## [Exercise objective]
Because the pictures are not wanted, give back only the exact text of every entry below.

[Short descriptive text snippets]

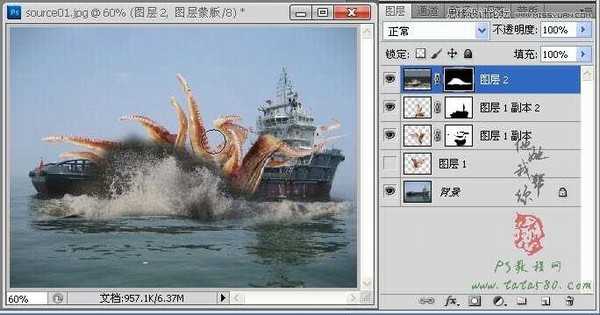 Photoshop合成史前大章鱼袭击轮船效果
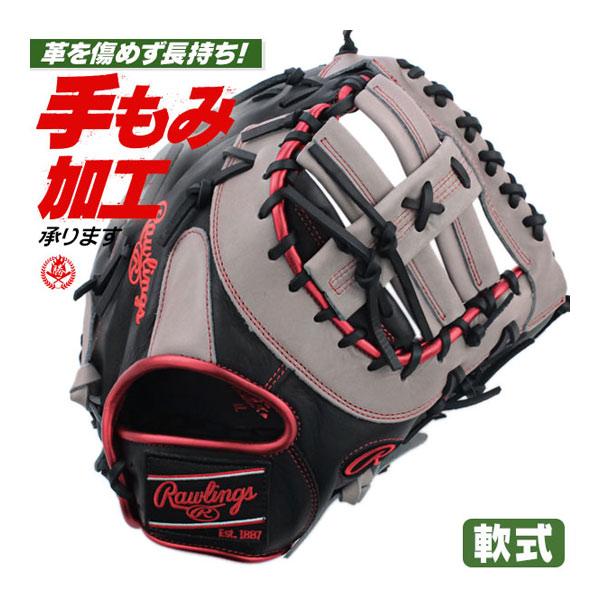 限定品　Rawlings 軟式用 ファーストミット GR4HTCM53 Rawlings（ローリングス） 軟式ファーストミット / ローリングス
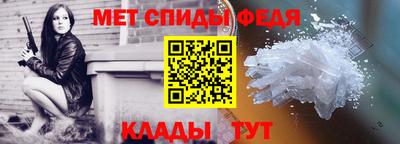 меф Ивантеевка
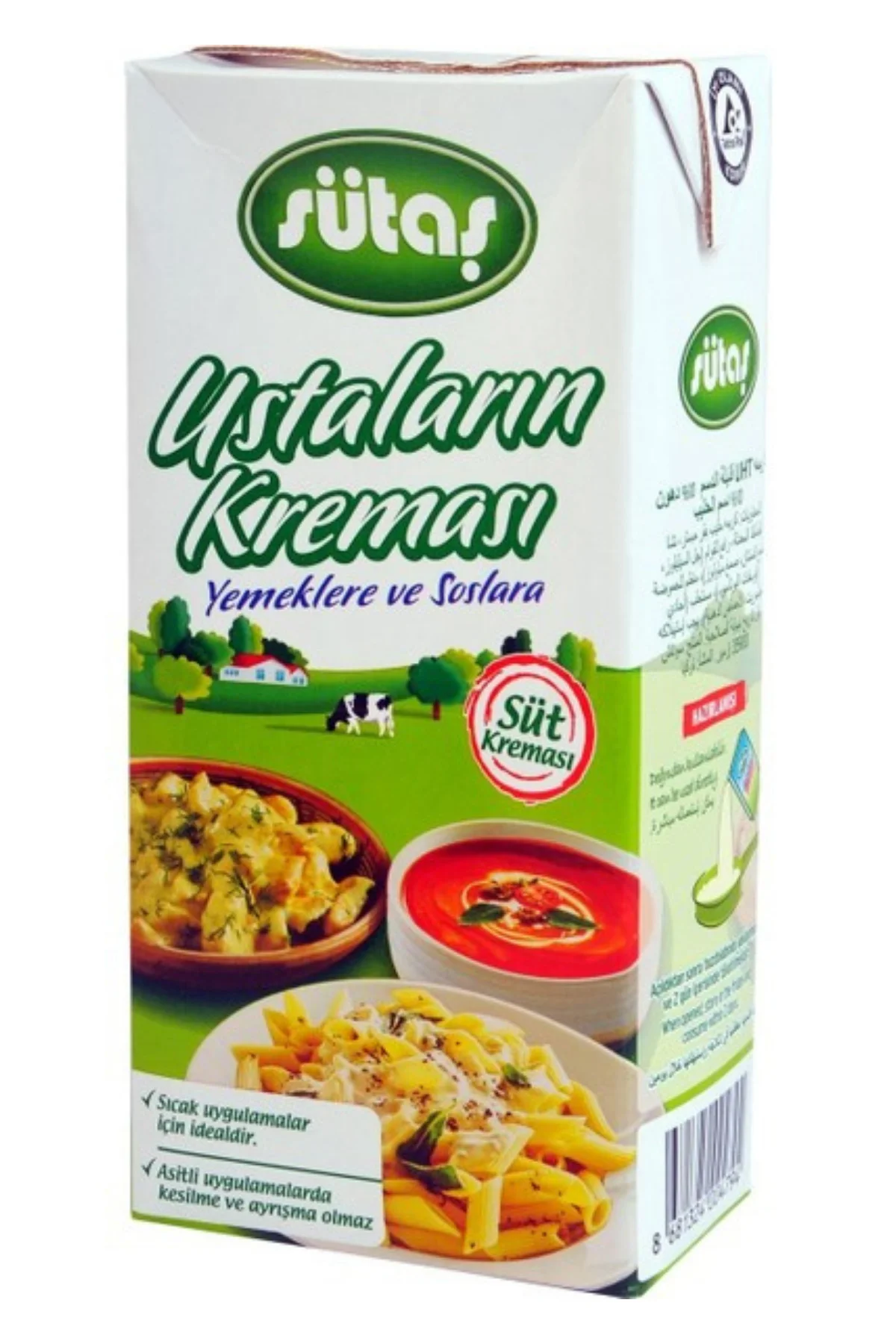 Sütaş Ustaların Kreması 1 L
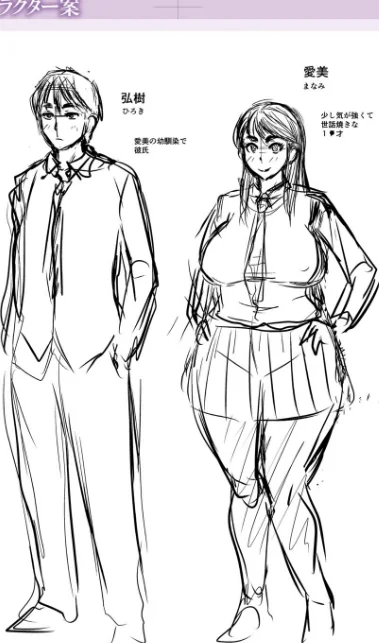 〈エロ漫画〉彼より好きになってしまいました 【FANZA限定】【デジタル特装版】|作者:ジロウ 試し読みサンプル 13ページ目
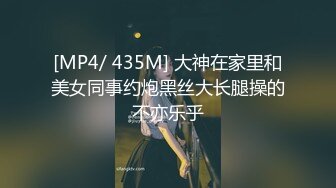 [MP4/ 1.25G] 精品福利！极品美少女家政服务福利写真 性感和服嫩乳美穴一览无余真想一含在嘴里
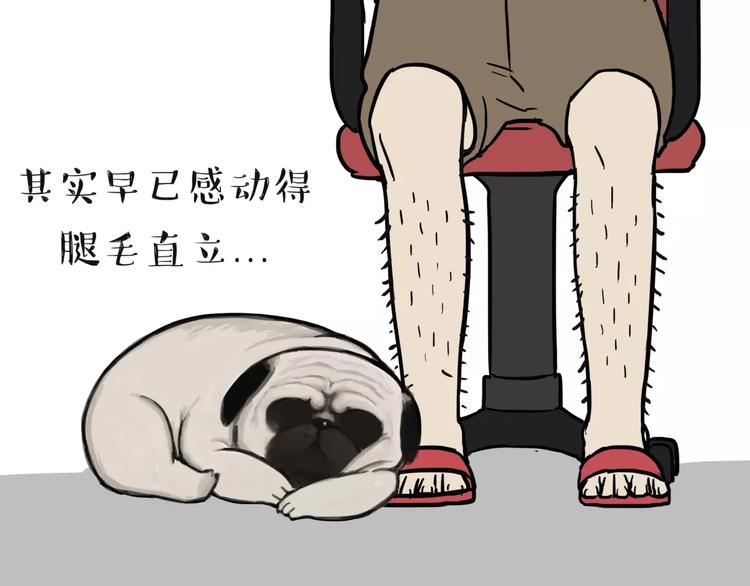 第108话 饮水机32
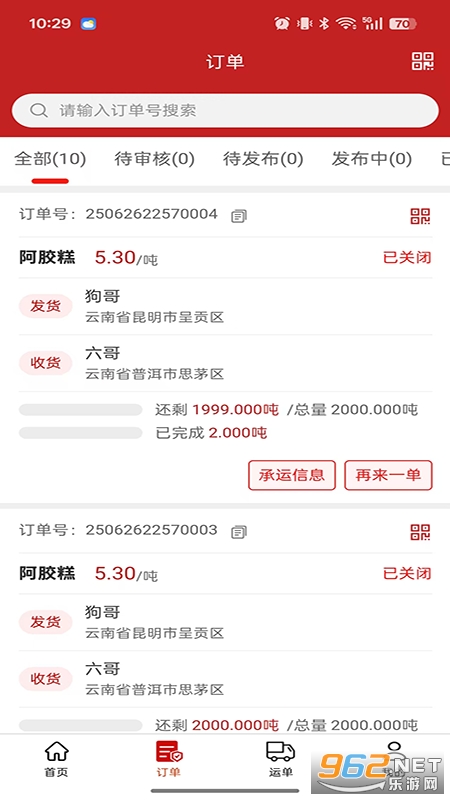 ľţ˻appv1.0.6ͼ0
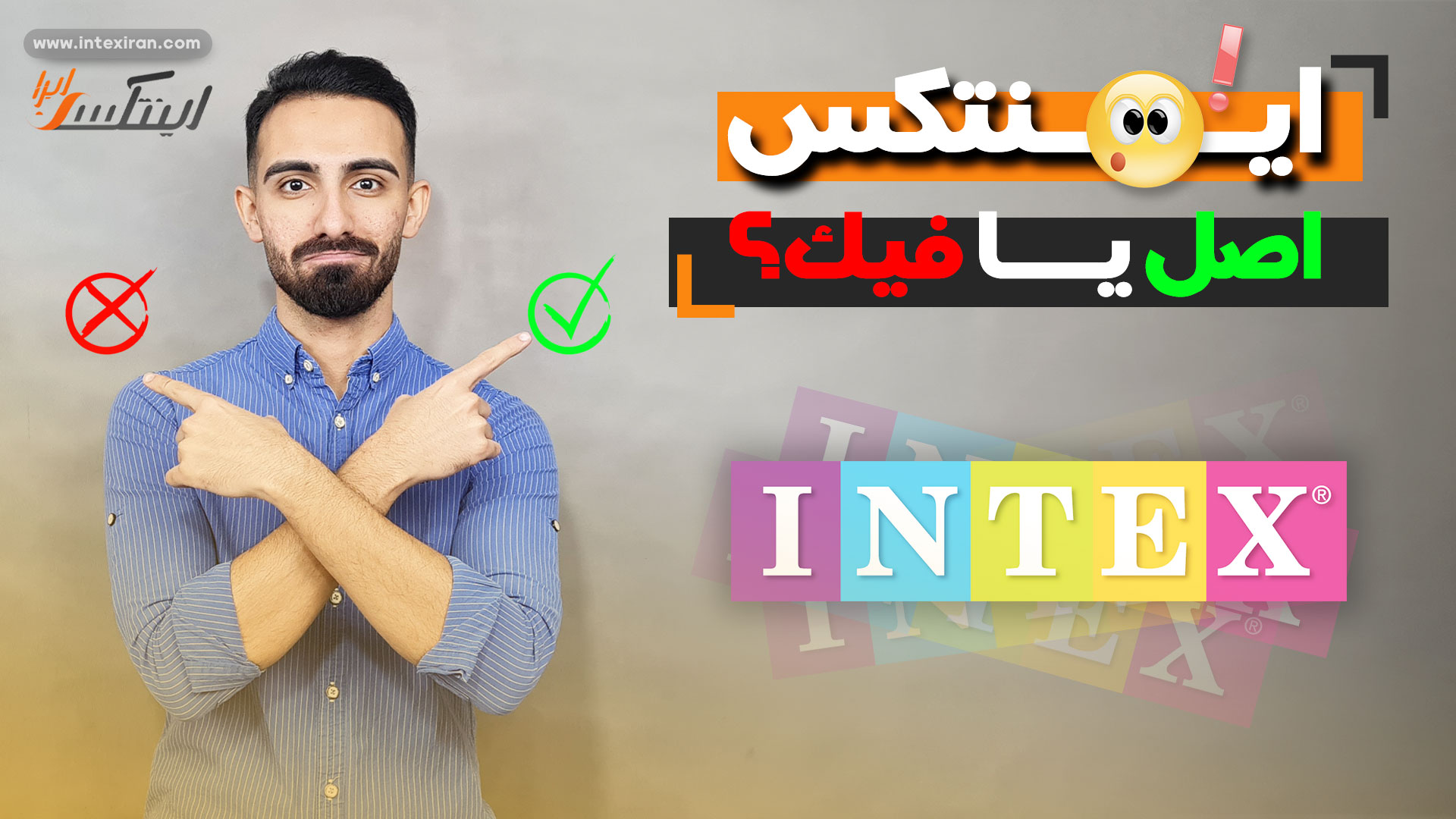 اینتکس اصل یا فیک؟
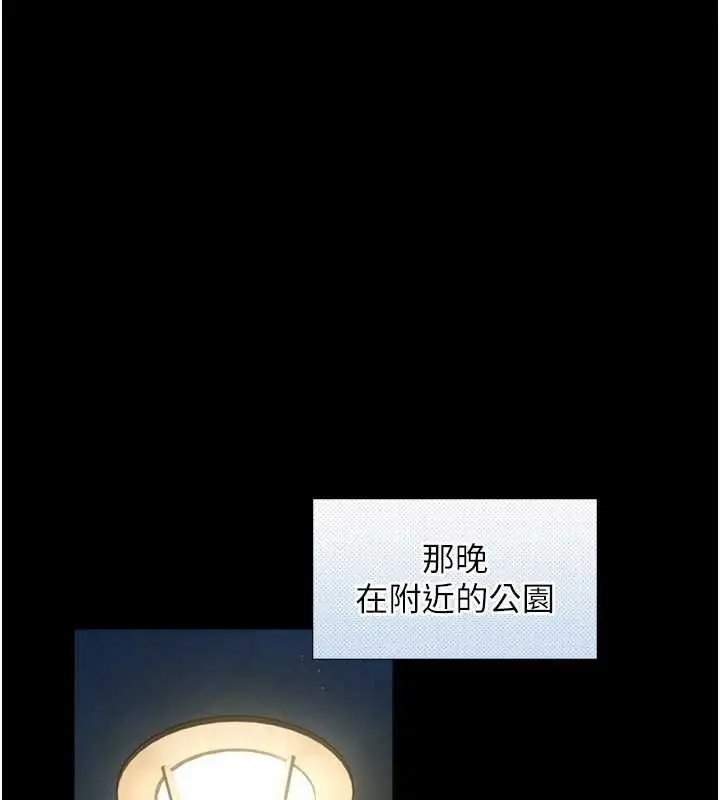 《与生巨来》第22话图41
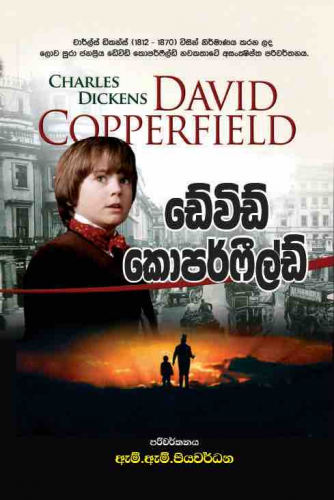 David Correrfield (Sinhala)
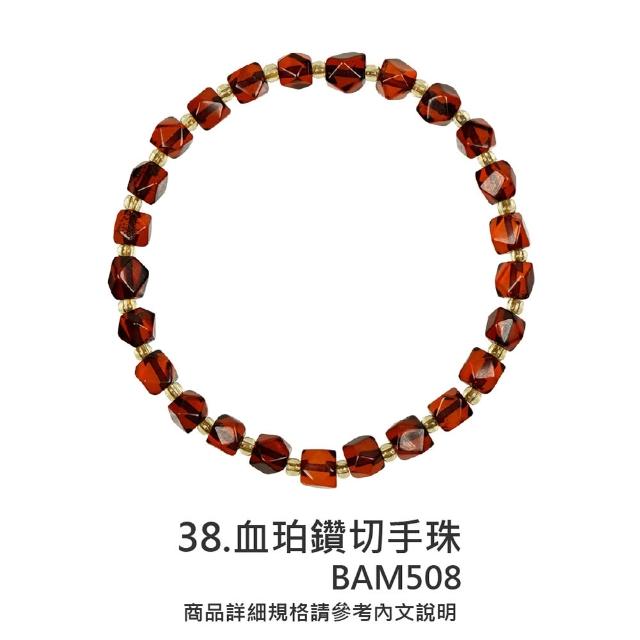 【正佳珠寶】二號賣場 蜜蠟琥珀 高品蜜蠟琥珀手串 戒指 項鍊吊墜 耳釘耳環 蜜蠟琥珀飾品｜多款任選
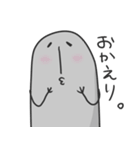 ぎわスタンプ2（個別スタンプ：21）
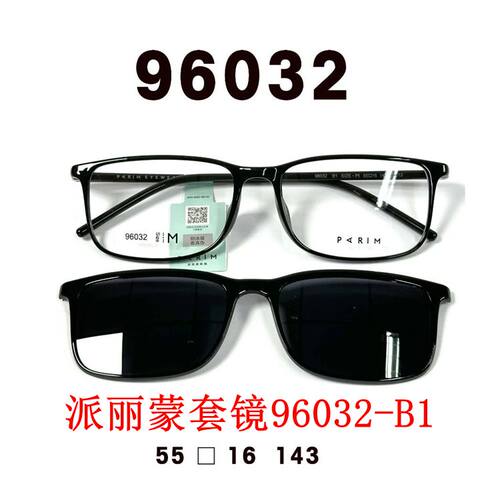 新款派丽蒙眼镜架96032板材套镜全框男女近视眼镜框配离焦镜片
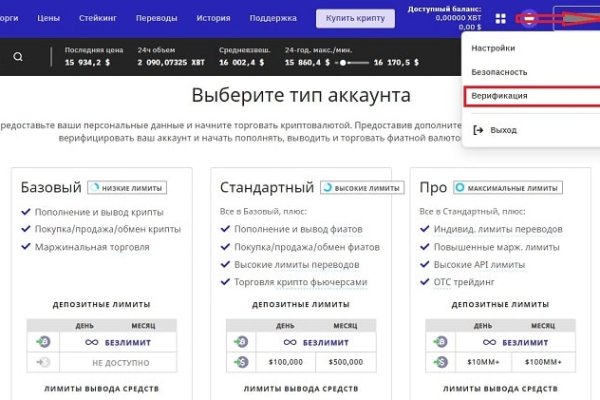 Супернет официальный сайт на русском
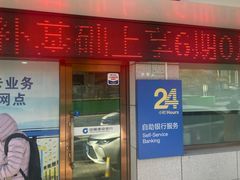 -中国建设银行(大连西南路支行)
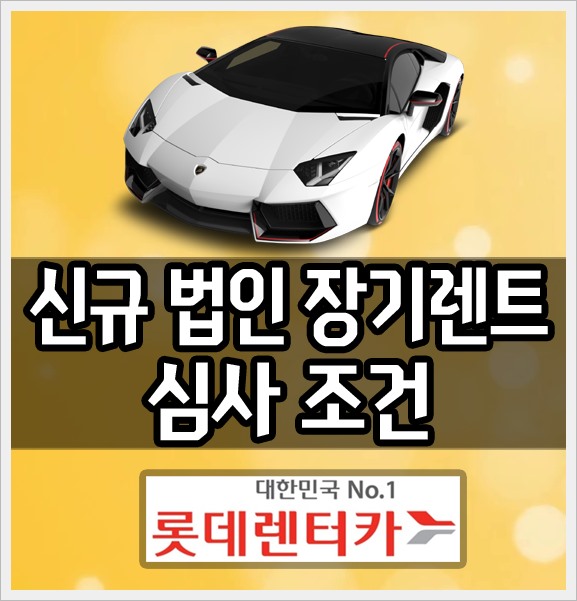  신규 법인 장기렌트카 신차 장기렌트 심사 기준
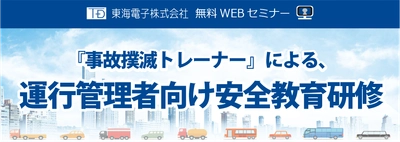 自動車運送事業者様の安全体制の確立に！「事故撲滅トレーナーによる、運行管理者向け安全教育研修」無料開催のお知らせ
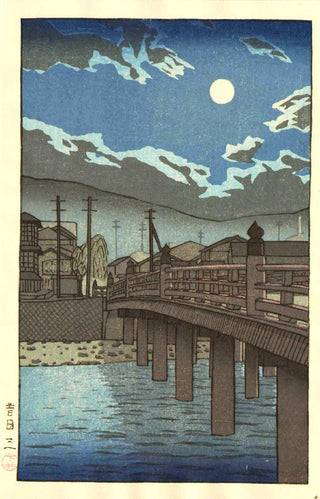 Gojo-bashi v Kjótu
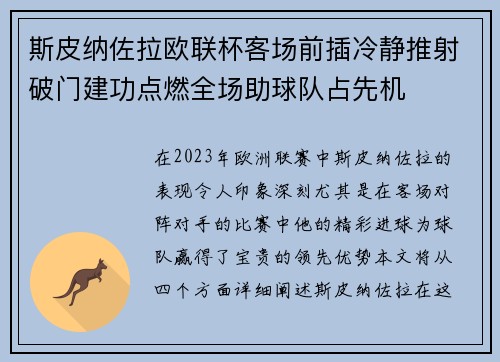 斯皮纳佐拉欧联杯客场前插冷静推射破门建功点燃全场助球队占先机
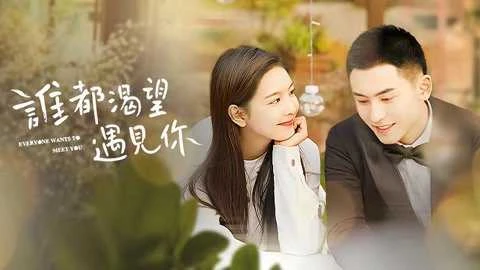 Phim [Thuyết Minh] Ai Cũng Khao Khát Được Gặp Em - Everyone Wants to Meet You (Vietnamese Ver.) (2020)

## [Response below]
 Photoshop合成史前大章鱼袭击轮船效果
 限定品　Rawlings 軟式用 ファーストミット GR4HTCM53 Rawlings（ローリングス） 軟式ファーストミット / ローリングス
 меф Ивантеевка
 Sütaş Ustaların Kreması 1 L
 〈エロ漫画〉彼より好きになってしまいました 【FANZA限定】【デジタル特装版】|作者:ジロウ 試し読みサンプル 13ページ目
 [MP4/ 1.25G] 精品福利！极品美少女家政服务福利写真 性感和服嫩乳美穴一览无余真想一含在嘴里
 第108话 饮水机32
 ľţ˻appv1.0.6ͼ0
 اینتکس اصل یا فیک؟
 《与生巨来》第22话图41
 David Correrfield (Sinhala)
 【正佳珠寶】二號賣場 蜜蠟琥珀 高品蜜蠟琥珀手串 戒指 項鍊吊墜 耳釘耳環 蜜蠟琥珀飾品｜多款任選
 ぎわスタンプ2（個別スタンプ：21）
 新款派丽蒙眼镜架96032板材套镜全框男女近视眼镜框配离焦镜片
 Супернет официальный сайт на русском
 -中国建设银行(大连西南路支行)
  신규 법인 장기렌트카 신차 장기렌트 심사 기준
 自動車運送事業者様の安全体制の確立に！「事故撲滅トレーナーによる、運行管理者向け安全教育研修」無料開催のお知らせ
 Gojo-bashi v Kjótu
 斯皮纳佐拉欧联杯客场前插冷静推射破门建功点燃全场助球队占先机
 Phim [Thuyết Minh] Ai Cũng Khao Khát Được Gặp Em - Everyone Wants to Meet You (Vietnamese Ver.) (2020)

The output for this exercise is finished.